Dhaka: Food adviser of the interim cabinet in emergency-ruled Bangladesh today said some 2.5 million people remained beyond food safety nets while a "hidden hunger" was on the rise because of soaring price and production shortfall.
"I will not call it a silent famine (as some analysts said) but a hidden hunger is on the rise," adviser Shawkat Ali told a press conference here.
He said despite expansion of government programmes to sale food at subsidized rate and Vulnerable Group Feeding (VGF), 25 lakh people of the country's estimated 144 million population remained completely out of "safety nets" of any kind while soaring food price exposed low and middle-income people to extreme miseries.
"This type of hidden hunger has been noticed in the past too, but its magnitude and scale have been exacerbated, you might say," the adviser said.
Ali's comments came days after a former minister warned of a "silent famine" in the country, where 40 per cent of the population live on a dollar a day and millions are still recovering from last year's disasters.

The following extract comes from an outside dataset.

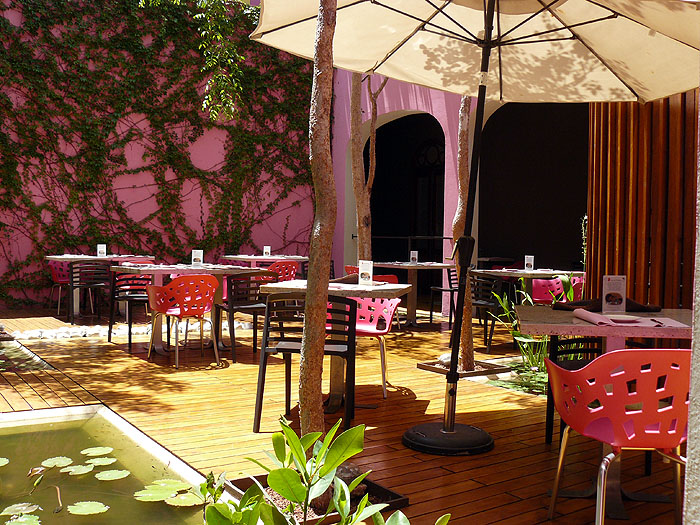 MX0511SM0773_rosas-y-xocolate .jpg [&copy; Last Frontiers Ltd]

Ali said as part of the government efforts to intensify import drives and control price spiral, an agreement for importing four lakh tonnes of rice would be executed by in New Delhi by tomorrow with four rice exporting firms in India.
He said rice has also already started arriving from traders in West Bengal under an agreement for import of one lakh tonnes of rice.
Another agreement has been signed with a private firm for importing 50,000 tonnes of rice at the rate of USD 397 per tonne.